**** MATERIALS PROVIDED
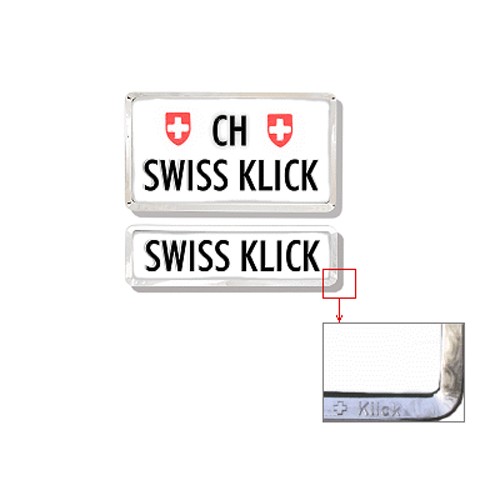 SwissKlick Nummernrahmen chrom Hochformat (Set für vorne und hinten)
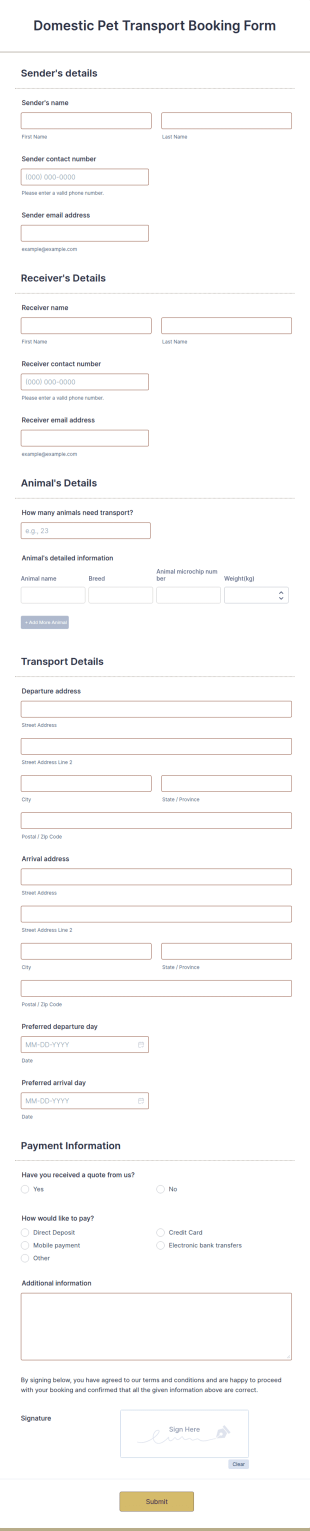 Domestic Pet Transport Booking Form Template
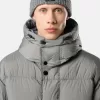 Kapuzenparka aus Daunen mit Windschutz
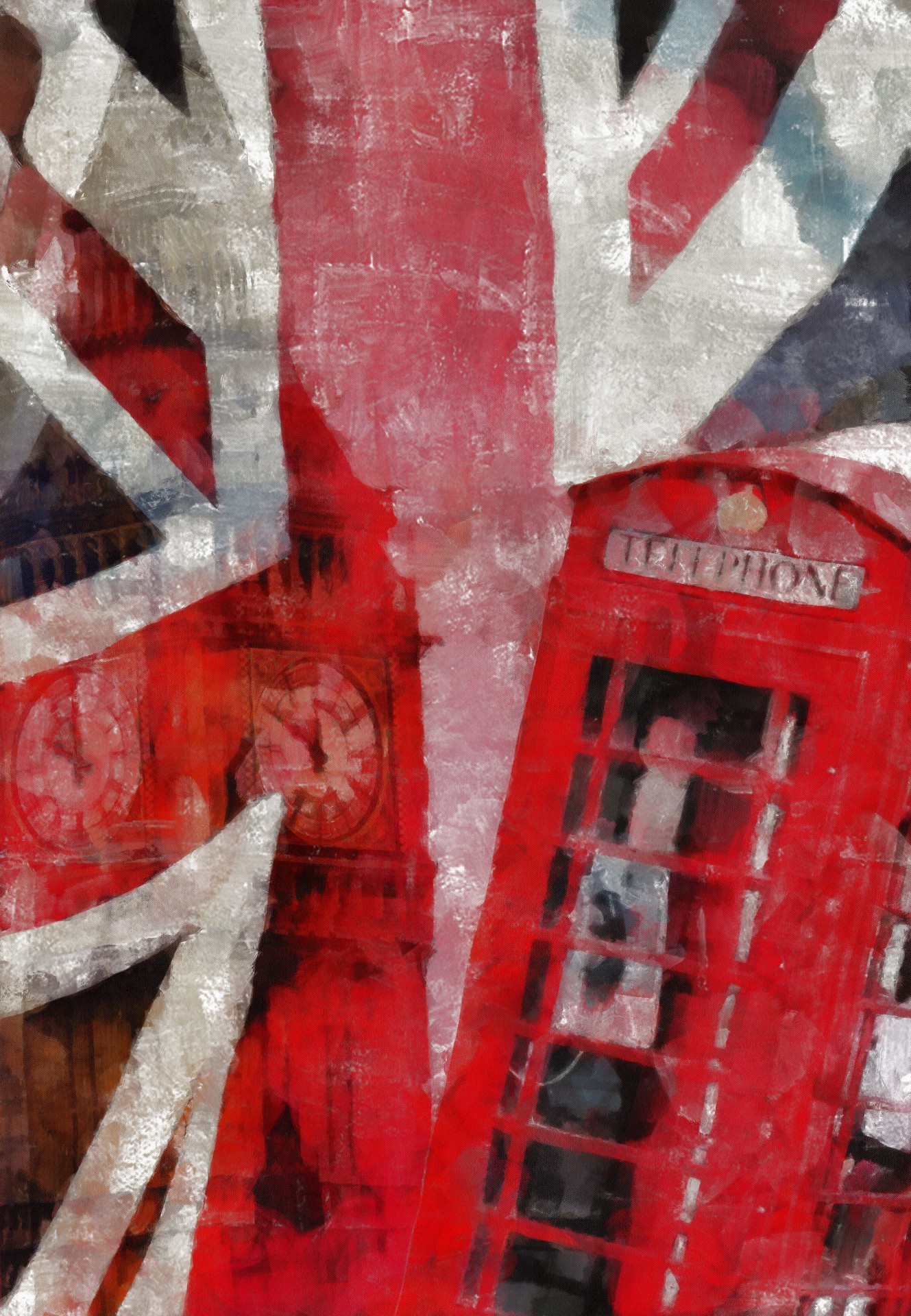 Digitally created grunge style collage painting of the Union Jack flag, a British telephone box and Big Ben.
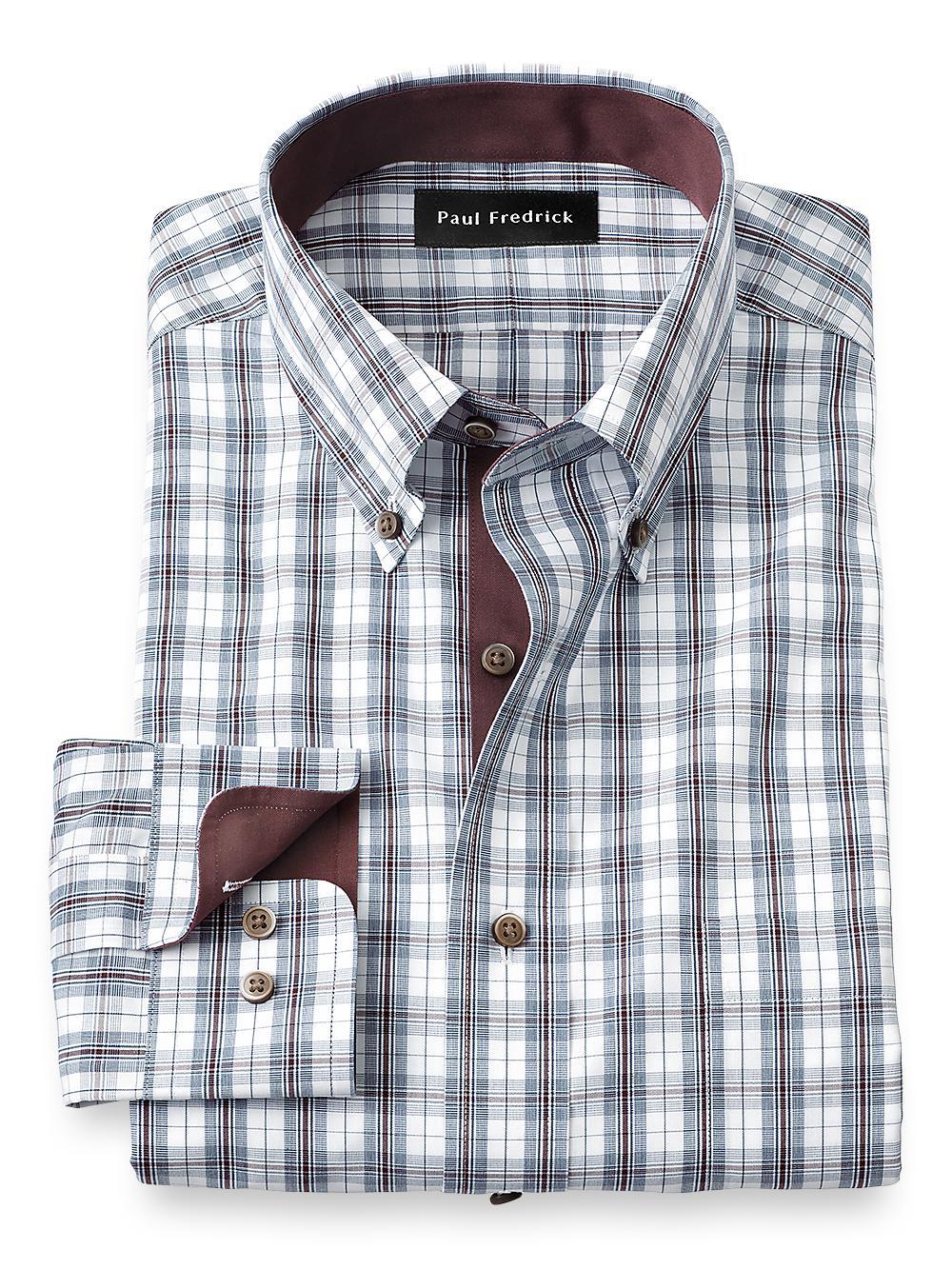 Non-Iron Cotton Plaid Dress Shirt With Contrast Trim - Teal Product Image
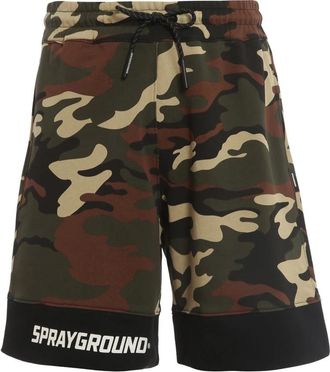 Sprayground Stijlvolle Camouflage Shorts in Multi Groen - Heren - Korte Broeken - Veelkleurig - M - Katoen - Korte Broeken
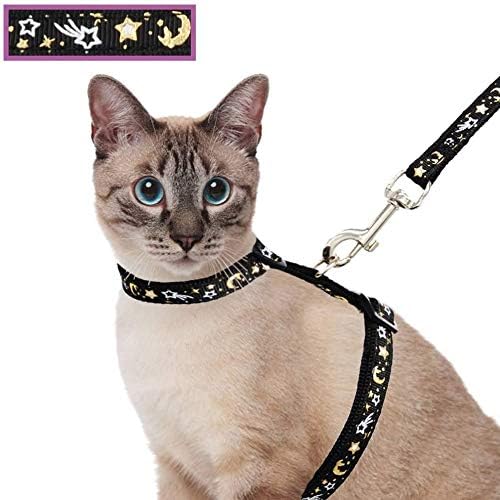 Cat Harness and Leash Set for Outdoor Walking Escape Proof Adjustable Soft Safety Strap with Golden Star and Moon Design Glow in The Dark Black (Black / S)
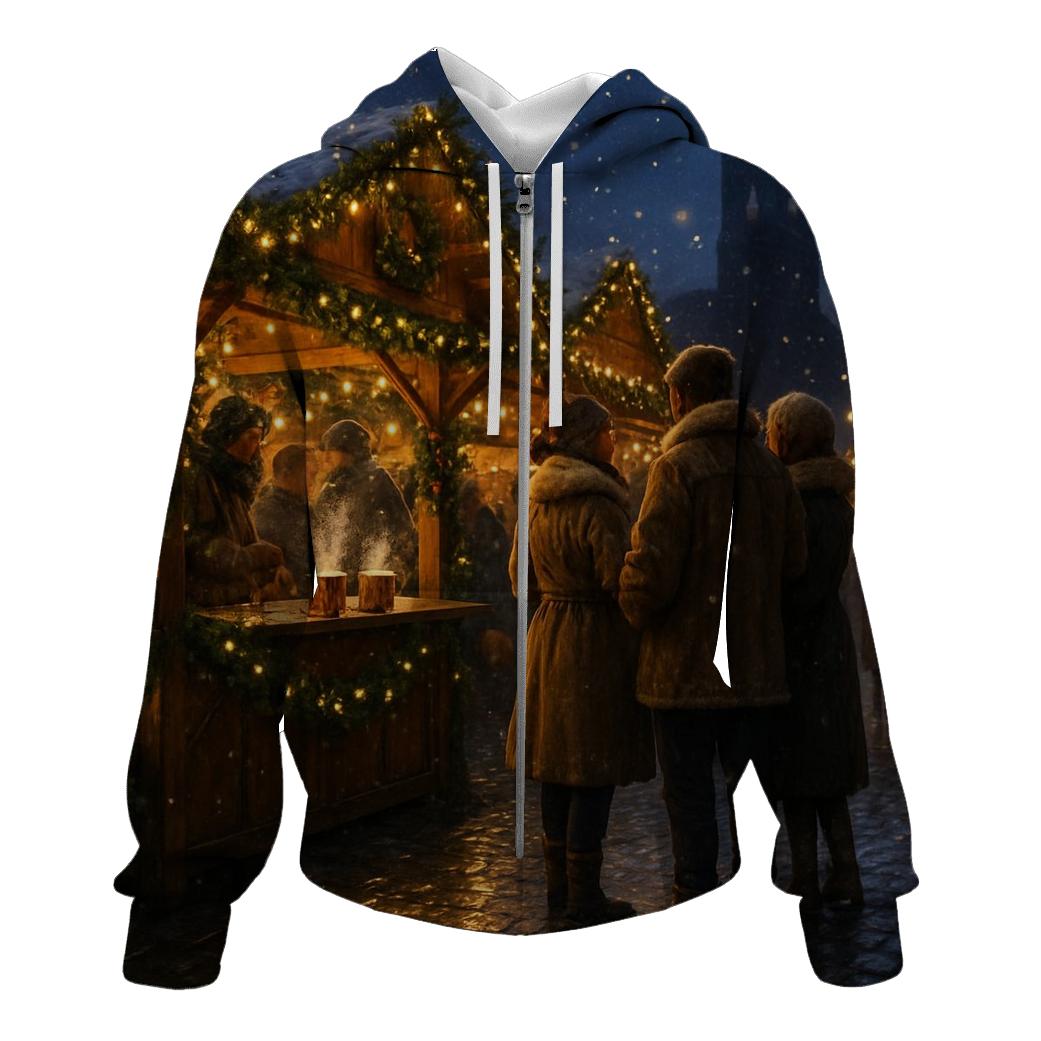 Christmas Market Lanterns Under Soft Starlight premium hoodies
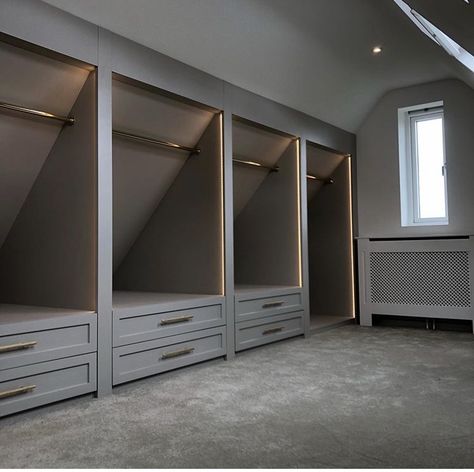 Loft Conversion Dressing Room, Loft Closet, Loft Conversion Bedroom, Attic Bedroom Storage, Attic Wardrobe, Bedroom Built In Wardrobe, Attic Bedroom Designs, Attic Closet, Closet Design Layout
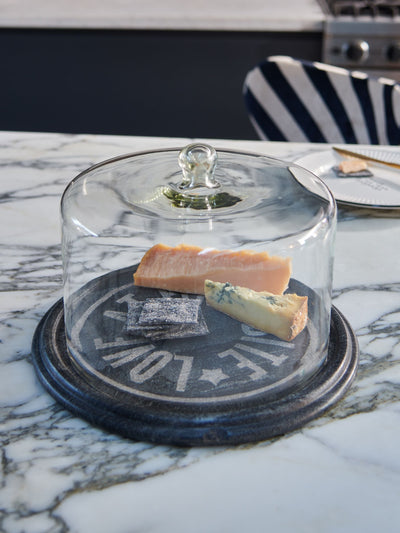 Rockett St George Black First Bite Marble Cheese Serving Dome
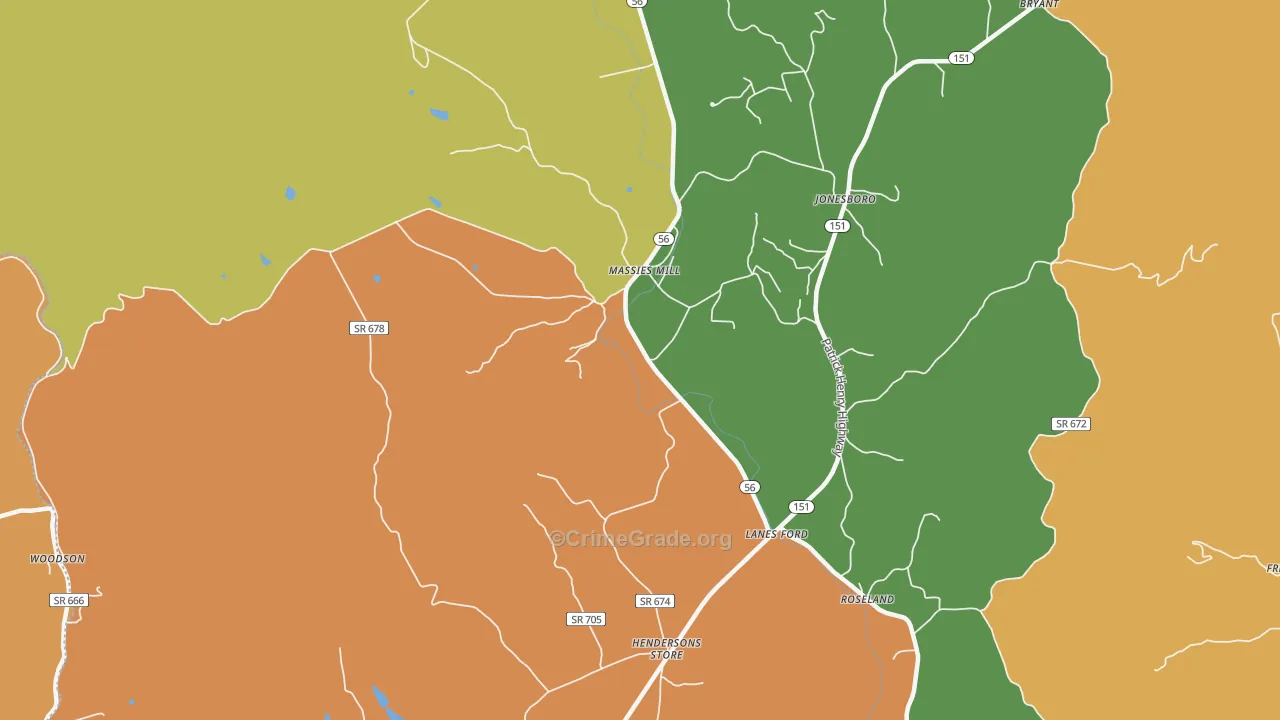Massies Mill, VA Map of Assault Rates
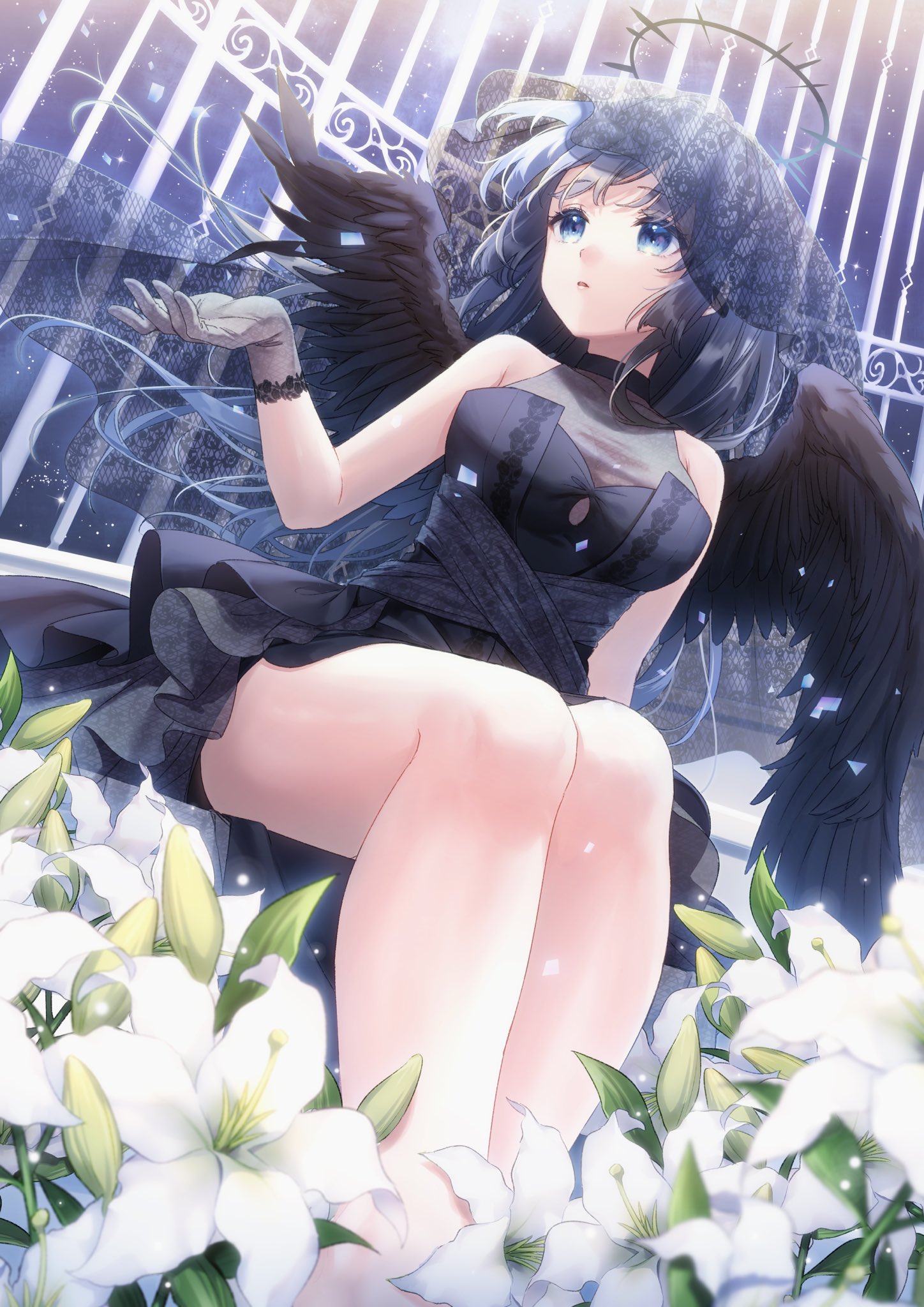 masuishi kinoto, original, white lily, commentary request, highres, 1girl, angel, angel wings, bare arms, bare legs, bare shoulders, birdcage, black dress, black veil, black wings, blue background, blue eyes, blue hair, blue halo, breasts, cage, confetti, dress, dutch angle, feathered wings, flower, from below, gloves, gradient background, grey gloves, halo, halter dress, halterneck, hand up, in cage, legs, legs together, light particles, lily (flower), long hair, looking to the side, medium breasts, parted lips, sidelocks, sitting, sleeveless, sleeveless dress, solo, sparkle, spiked halo, veil, white flower, wings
********
» **TASK DIRECTIONS**
Put down exactly the lines of the data above that run from its first line through the line bearing "Massies Mill, VA Map of Assault Rates", and no pictures.

» **RESPONSE AREA**
 SwissKlick Nummernrahmen chrom Hochformat (Set für vorne und hinten)
 Domestic Pet Transport Booking Form Template
 Kapuzenparka aus Daunen mit Windschutz
 Digitally created grunge style collage painting of the Union Jack flag, a British telephone box and Big Ben.
 Non-Iron Cotton Plaid Dress Shirt With Contrast Trim - Teal Product Image
 Sprayground Stijlvolle Camouflage Shorts in Multi Groen - Heren - Korte Broeken - Veelkleurig - M - Katoen - Korte Broeken
 Cat Harness and Leash Set for Outdoor Walking Escape Proof Adjustable Soft Safety Strap with Golden Star and Moon Design Glow in The Dark Black (Black / S)
 Christmas Market Lanterns Under Soft Starlight premium hoodies
 Loft Conversion Dressing Room, Loft Closet, Loft Conversion Bedroom, Attic Bedroom Storage, Attic Wardrobe, Bedroom Built In Wardrobe, Attic Bedroom Designs, Attic Closet, Closet Design Layout
 Rockett St George Black First Bite Marble Cheese Serving Dome
Massies Mill, VA Map of Assault Rates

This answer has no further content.